Dans une note d’information adressée le 22 août 2022 au maire de la commune de Ngan’ha, localité de la région de l’Adamaoua devant abriter le barrage de Bini à Warak (75 MW), la société chinoise Sinohydro, le constructeur de cette infrastructure énergétique, annonce sa démobilisation du chantier. « Par la présente note, nous venons respectueusement auprès de votre bienveillante autorité vous informer du déplacement provisoire de notre matériel pour la réalisation des travaux d’aménagement du barrage hydroélectrique de Bini à Warak », annonce le directeur des travaux dans le document auquel Investir au Cameroun a eu accès.
Et le directeur des travaux de Sinohydro de poursuivre : « en effet, conformément à la convention signée entre l’État du Cameroun et notre société, qui prévoyait le lancement des travaux en 2017, nous avons mobilisé un ensemble de matériaux dans le but d’honorer nos engagements contractuels. Cependant, rendu à ce jour, ce matériel déjà presque au terme de sa période normale d’amortissement n’a pas encore été utilisé pour des raisons administratives ne relevant pas de notre responsabilité. Cette situation cause de sérieux préjudices financiers à notre société, et c’est dans l’optique de minimiser ces préjudices que nous avons jugé opportun de redéployer notre matériel sur d’autres chantiers dont nous avons la charge. Toutefois, conformément aux engagements pris par notre société (…), ce matériel sera de nouveau mis à la disposition du projet en temps voulu, pour l’exécution des travaux une fois que toutes les conditions seront réunies pour la reprise des travaux ».
En effet, lancés en grande pompe en 2017, dans le sillage des grands travaux d’infrastructures initiés dans le pays en 2012, les travaux de construction du barrage de Bini à Warak ont été interrompus en 2018. Ceci, juste après la fin des travaux préparatoires d’installation du chantier, d’excavation de la rive gauche et d’ouverture des voies d’accès. Tous ces travaux ont été préfinancés par le constructeur, pour environ 20 milliards de FCFA, selon le gouvernement. À l’origine de l’interruption du chantier au bout de seulement un an de travaux, avait-on appris officiellement, se trouvait le non-paiement par l’État du Cameroun de la prime d’assurances conditionnant le déblocage du prêt de 182 milliards FCFA obtenu auprès de la banque chinoise ICBC.

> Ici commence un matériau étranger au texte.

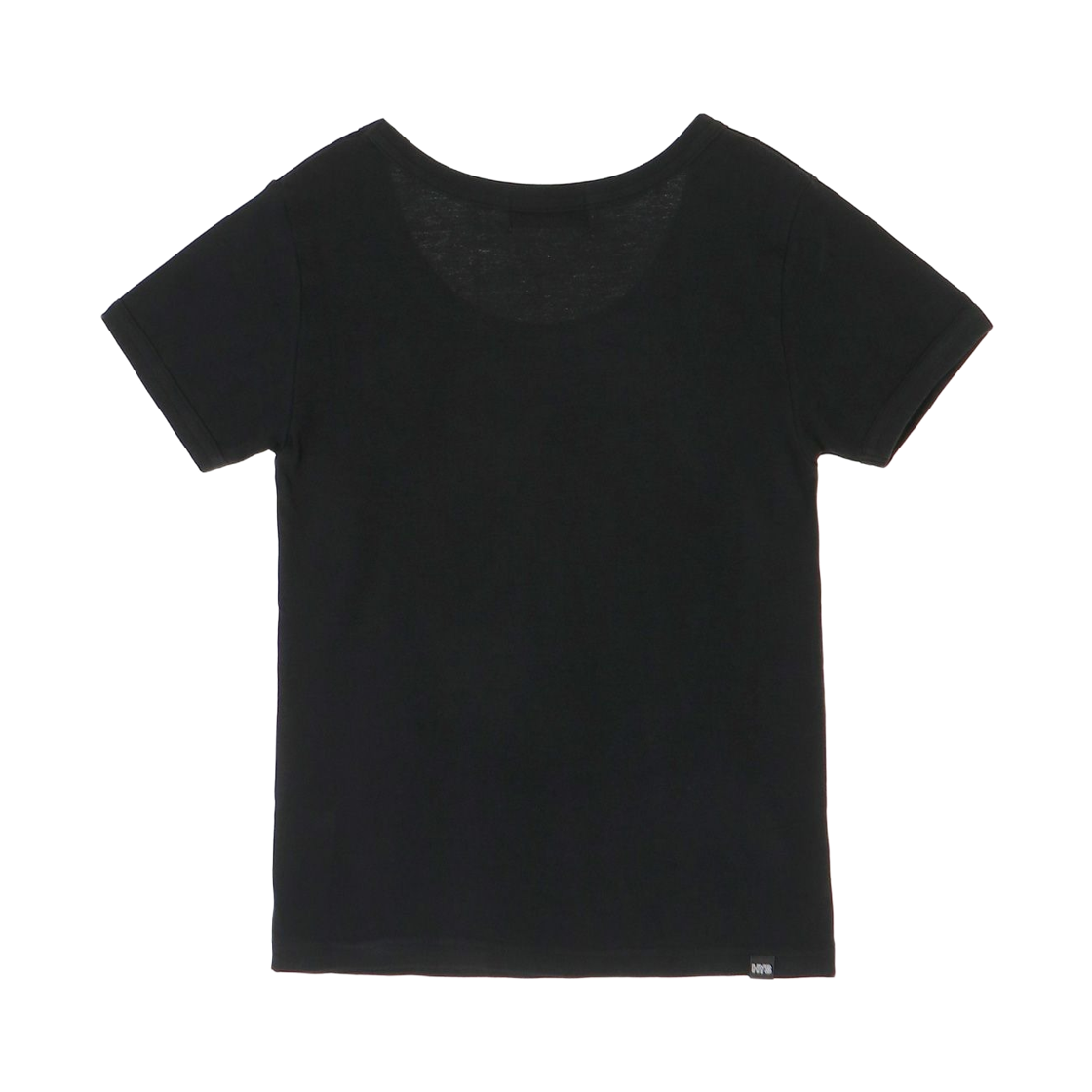 (W) 히스테릭 글래머 사운드 티셔츠 블랙((W) Hysteric Glamour Sound T-Shirt Black) - 2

Pis, en novembre 2019, alors que le Cameroun s’est acquitté de toutes les conditions préalables au déblocage des fonds, pour un montant total de 23 milliards de FCFA, la banque chinoise va purement et simplement suspendre le financement, prenant prétexte de ce que l’État du Cameroun a été en défaut avec une autre banque. Mais, les négociations entre les parties pour la finalisation de ce financement ont repris depuis peu, a annoncé le ministre de l’Eau et de l’Énergie, Gaston Eloundou Essomba, au cours d’un point de presse organisé le 31 mars 2022 à Yaoundé. Pour ramener le financier chinois sur la table des négociations, a-t-on appris, il a fallu mettre en œuvre une opération de lobbying des parlementaires camerounais auprès de leurs homologues chinois.
Mais, dans l’intervalle, la société Sinohydro a démobilisé 75% de son personnel sur le chantier depuis 2019 et se prépare à y retirer son matériel. Ce qui n’est pas de bon augure pour le redémarrage des travaux de cette infrastructure énergétique pourtant très attendue dans les trois régions septentrionales du Cameroun. En effet, le barrage de Bini à Warak permettra de suppléer le barrage de Lagdo, qui nécessite 100 milliards de FCFA pour sa réhabilitation. Pour l’heure, les 72 MW de capacités installées de cet ouvrage énergétique sont souvent réduits de moitié, à cause notamment de l’ensablement du réservoir. Ce qui provoque de grosses perturbations dans la distribution de l’énergie électrique dans les régions de l’Adamaoua, du Nord et de l’Extrême-Nord.